Here's the article and some excerpts:
http://archives.seattletimes.nwsource.com/cgi-bin/texis.cgi/web/vortex/display?slug=gitmo21&date=20071021&query=%22strategic+political+value%22
Colonel: Pentagon playing politics with Gitmo trials
By Josh White
The Washington Post
WASHINGTON — Politically motivated officials at the Pentagon have pushed for convictions of high-profile detainees ahead of the 2008 elections, the former lead prosecutor for terrorism trials at Guantánamo Bay said Friday night, adding that the pressure played a part in his decision to resign earlier this month.
Senior defense officials discussed in a September 2006 meeting the "strategic political value" of putting some prominent detainees on trial, said Air Force Col. Morris Davis. He said that he felt pressure to pursue cases that were deemed "sexy" over those that prosecutors believed were the most solid or were ready to go.
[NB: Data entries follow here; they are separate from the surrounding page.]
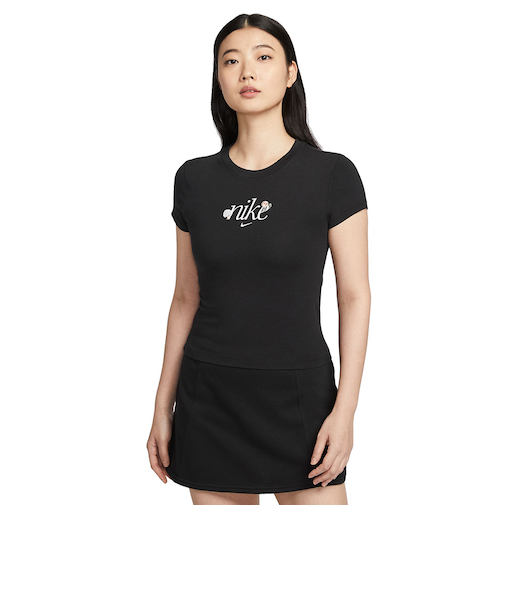 ナイキ（NIKE）ポーツウェア チル ニット スリム グラフィック Tシャツ HF9723-010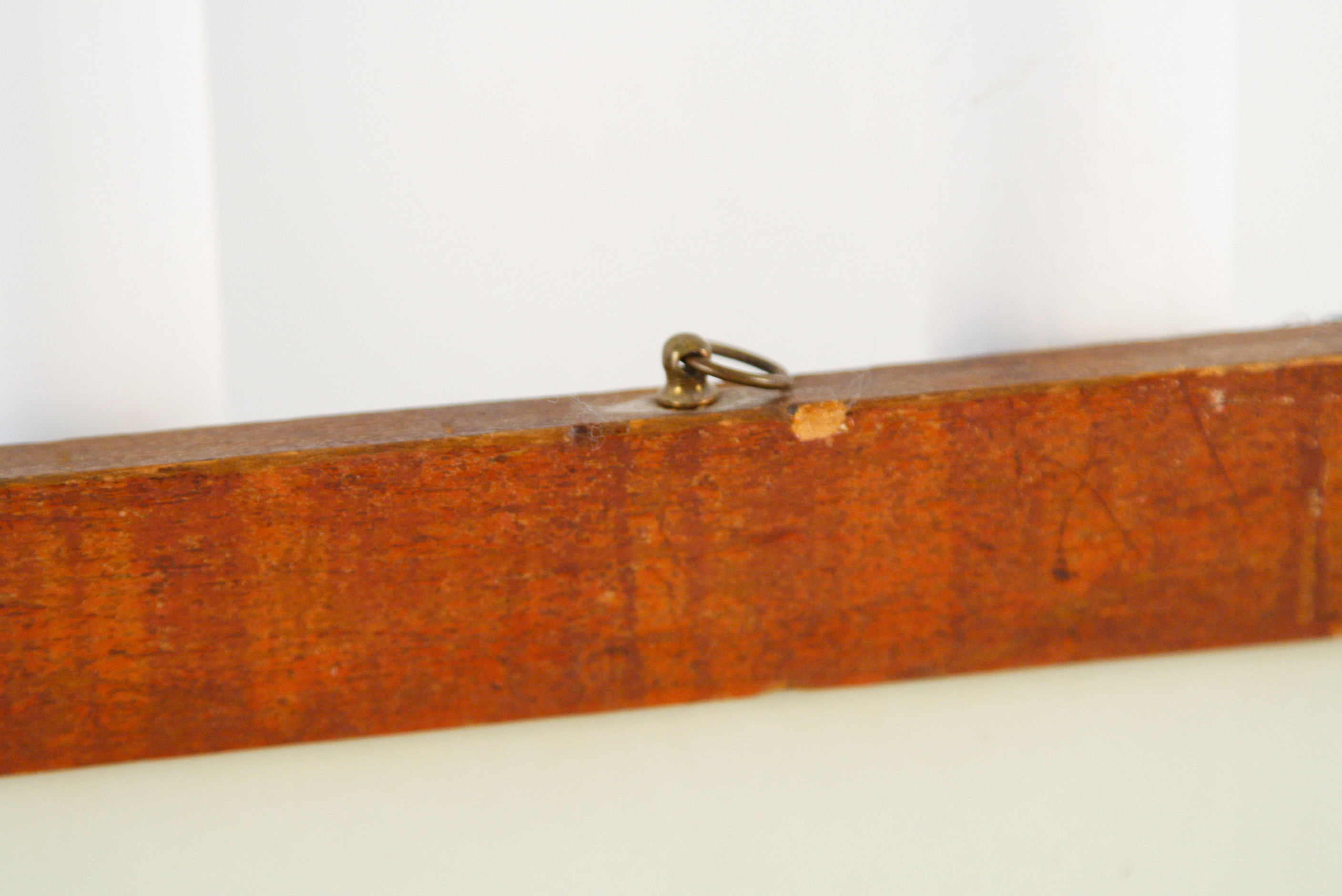 19th C. Cut Paper Siilhouette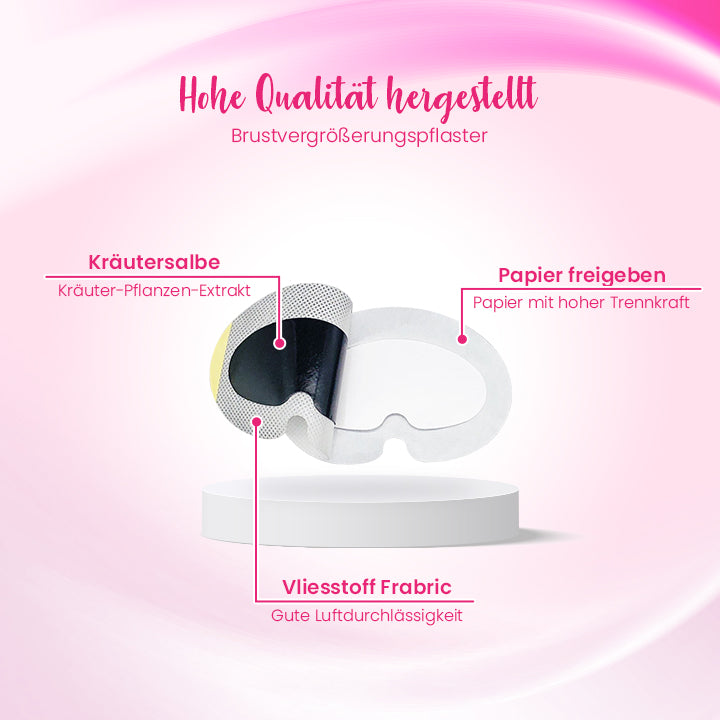 BosomCurve™ Brustvergrößerungs-Kräuterpflaster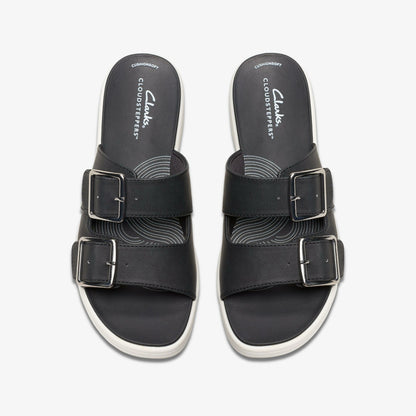 Drift Buckle Black - Clarks Women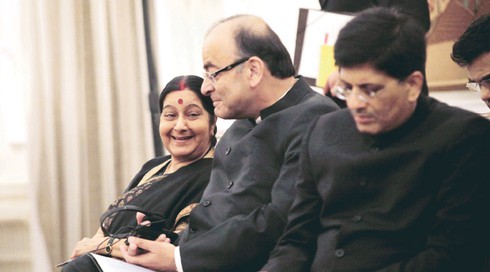 Ấn Độ, Nhật Bản lần đầu thống nhất về vấn đề Biển Đông - ảnh 1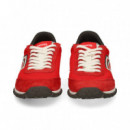 Deportivo Nylon Rojo  CAMPER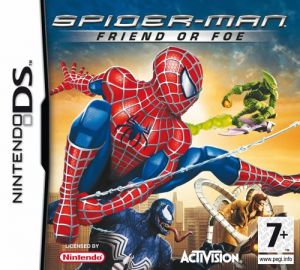 Spider-Man Friend Or Foe for Nintendo DS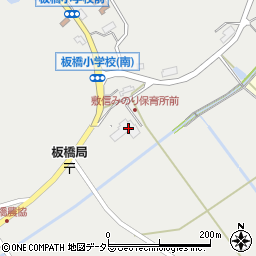 広島県庄原市板橋町2243周辺の地図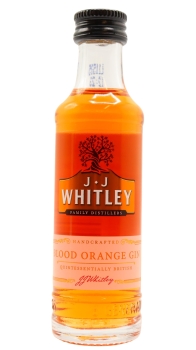 J.J Whitley - Blood Orange Miniature 5cl Gin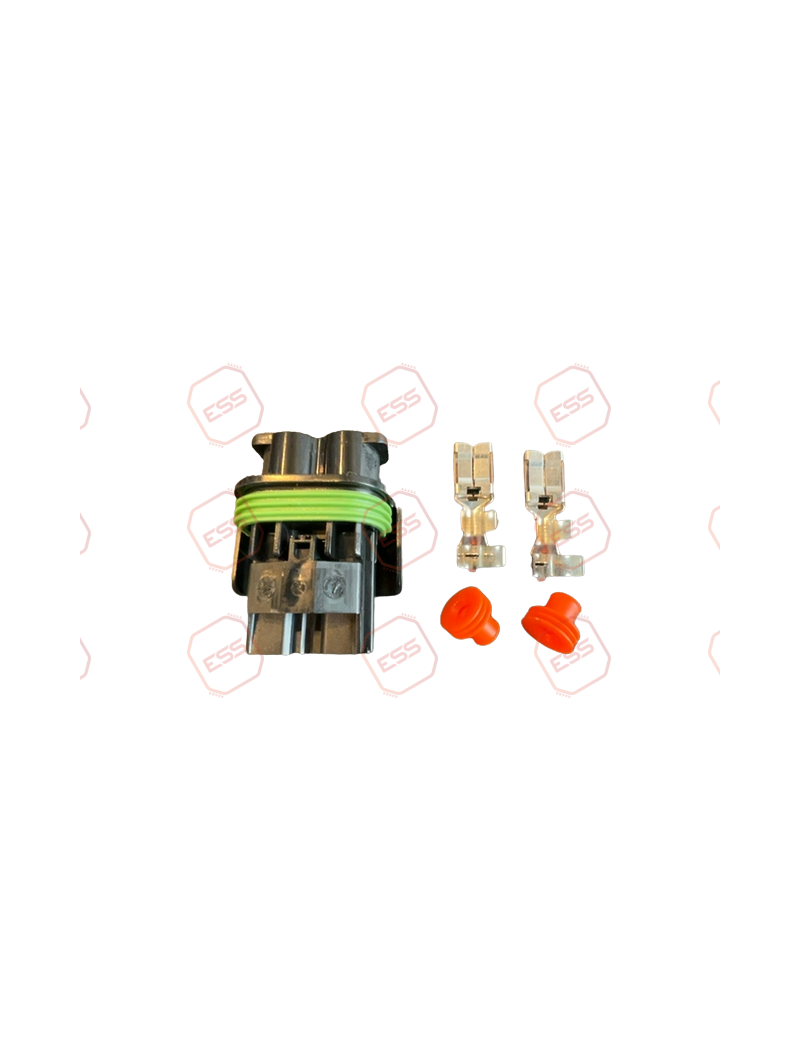 Pulsor Condenser Fan Plug Kit (Fan Side)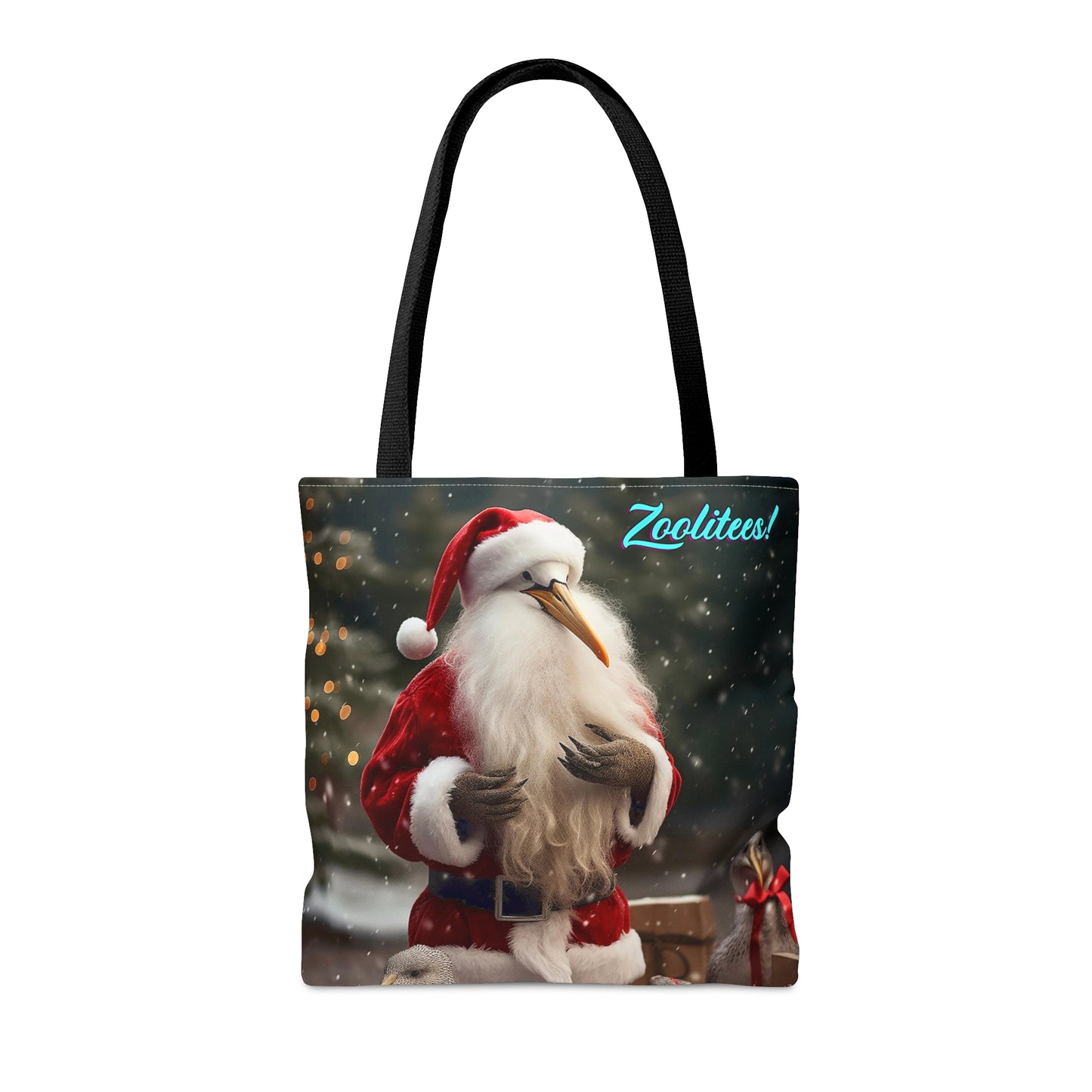 Goose Santa Tote Bag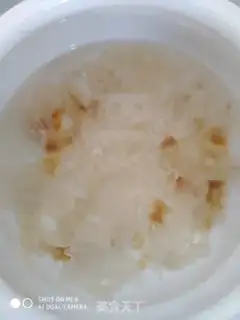 Make Peach geled snow swarms of michell soup step 5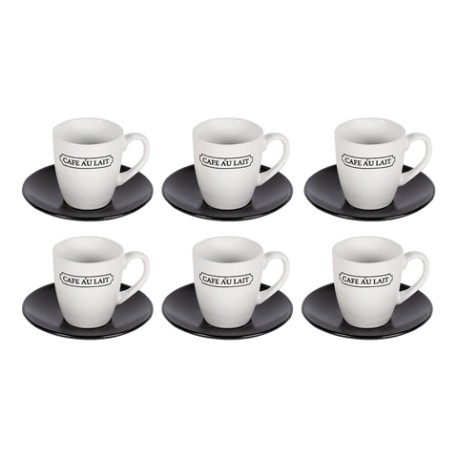 Set De Espresso Sello Vintage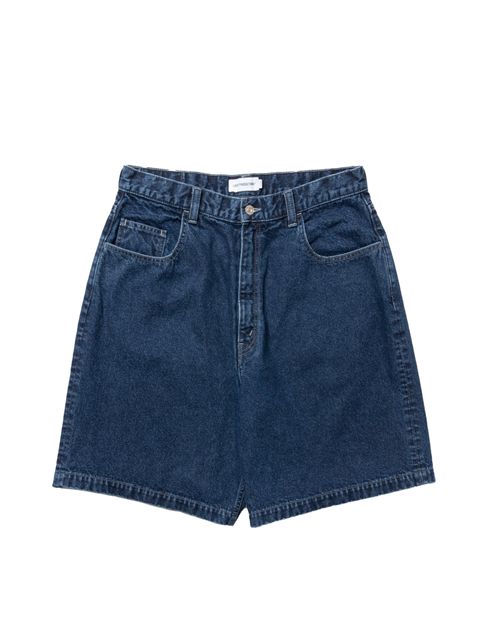 COOTIE PRODUCTIONS - 5 Pocket Denim Baggy Shorts (INDIGO FADE 
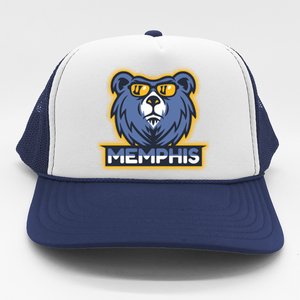 Memphis Basketball Trucker Hat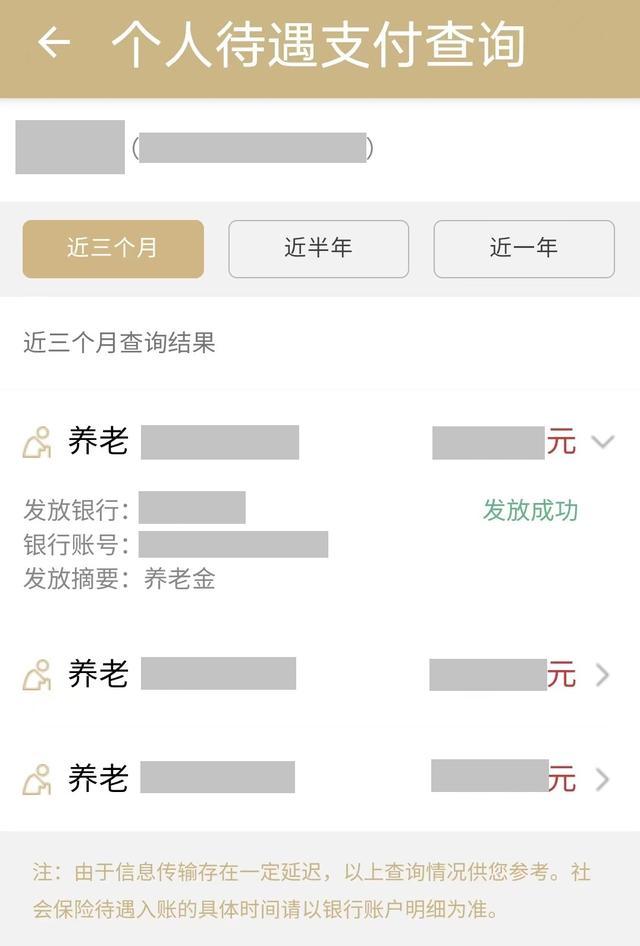 养老金发放信息掌上就能查！快来看看~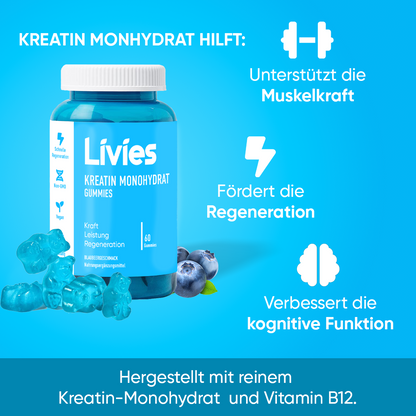 Livies Kreatin Gummies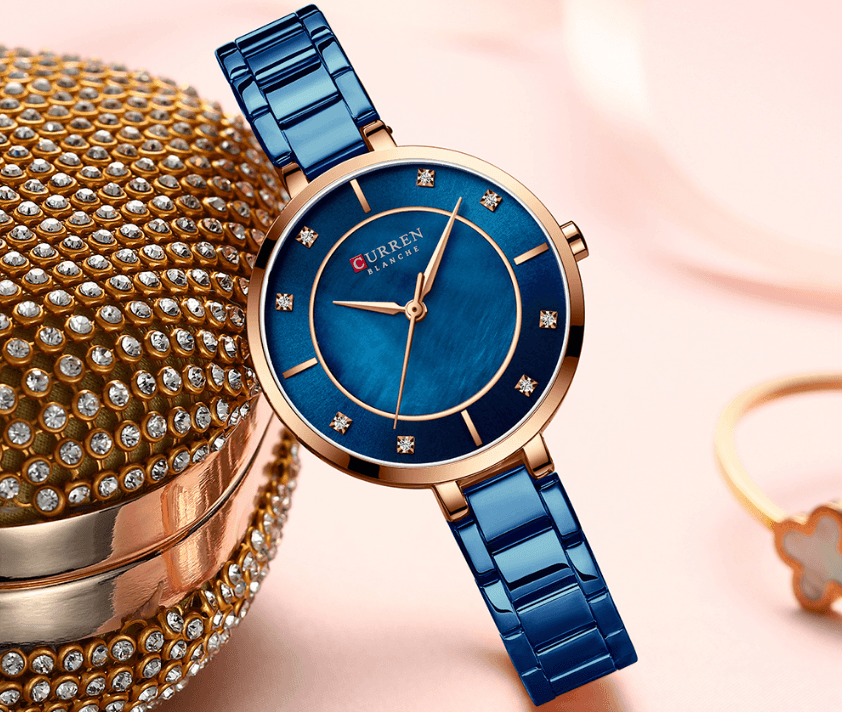 Montre Femme  Quartz Analogique  Montres Décontractées Tendance  Étanche Design Excellent Cadeau Parfait Pour Elle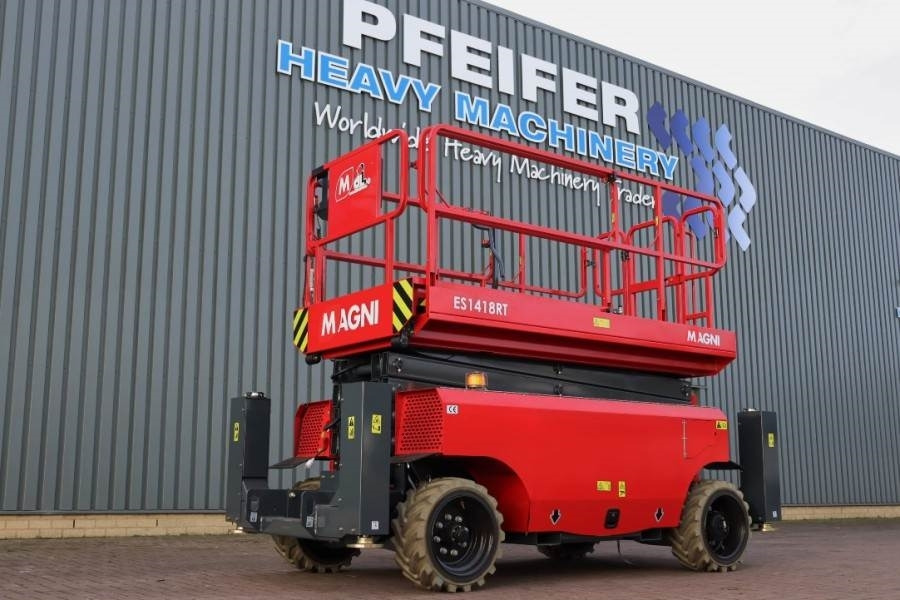 Magni ES1418RT New And Available Directly From Stock, El - Scissor lift: picture 1 Magni ES1418RT New And Available Directly From Stock, El - Scissor lift: picture 1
Davis said his resignation also was prompted by newly appointed senior officials seeking to use classified evidence in what would be closed sessions of court, and by almost all elements of the military commissions process being put under the Defense Department general counsel's command, something he believes could present serious conflicts of interest.
"There was a big concern that the election of 2008 is coming up," Davis said. "People wanted to get the cases going. There was a rush to get high-interest cases into court at the expense of openness."
. . .
Part of the new focus, Davis said, was to speed up cases that would show the public the system was working. Davis said he wanted to focus on cases that had declassified evidence, so the public could see the entire trial through news coverage. That would defuse possible allegations that the trials were stacked against defendants.
But [Air Force Brig. Gen. Thomas Hartmann, a new legal adviser to the convening authority for military commissions] said he was satisfied with putting on cases that included closed sessions, because the law allows it.
"He said, the way we were going to validate the system was by getting convictions and good sentences," Davis said. "I felt I was being pressured to do something less than full, fair and open."
Given the widespread public distrust of the 9/11 official story, it would appear urgent to "validate the system," in a controllable forum.